Can Algonquin students who buy their meals on campus eat cheaply and nutritiously at the same time?

Most students come to the cafeteria on a regular basis as many do not pack their own lunches or drinks for the day. It is important to eat a proper, well-balanced meal.

This is something people out on their own for the first time often forget.

“I come to the cafeteria whenever I have school, so four times a week,” said Gary Gagne an electro-mechanical engineering technician robotics student. “The prices are good, I’ve been to Carleton and the University of Ottawa, and [the prices are] pretty good.”

The cafeteria holds a few relatively inexpensive healthy food items available. Including tax; a small carton of vegetables is $2.98, a turkey pita is $4.52, a vegetarian pizza is $3.75 and a wrap of your choice is $4.69.
Some people argue they find the prices in the cafeteria to be expensive for students.

As many students come to school without pre-cooked or pre-packaged lunches, they are forced to go to the cafeteria for their lunches and snacks. On a regular basis, it can become very costly.
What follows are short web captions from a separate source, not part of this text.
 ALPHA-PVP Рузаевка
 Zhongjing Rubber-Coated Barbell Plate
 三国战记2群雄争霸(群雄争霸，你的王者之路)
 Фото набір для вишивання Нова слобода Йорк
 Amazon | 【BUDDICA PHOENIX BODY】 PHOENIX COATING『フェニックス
“It’s pretty expensive, definitely,” said Ashlynn Dunpny a first-year developmental social worker student.
But some students feel that the prices that are on the food are not fitting.

In addition to seeing more options in the cafeteria, students would also like to see the quality of their food improve.
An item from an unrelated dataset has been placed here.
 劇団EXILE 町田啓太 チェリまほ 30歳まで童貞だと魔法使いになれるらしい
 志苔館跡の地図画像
“I think they should lower the prices for the quality [of the food] they’re providing,” said Ajay Khandavalli, a business administration student.

“Studies show that students on average gain three to 10 pounds during their first two years of college. Most of this weight gain occurs during the first semester of freshman year,” according to an online article, “Beating the Freshman 15” found on kidshealth.org.

However, trying to find healthy foods to eat is what students try to make an effort at.

“Some things, like the smoothies are ok. They [have] a salad bar but it’s not big and everything else isn’t really healthy,” said Marissa Eales, a first-year baking and pastry arts student. “I would like to see more gluten-free foods.”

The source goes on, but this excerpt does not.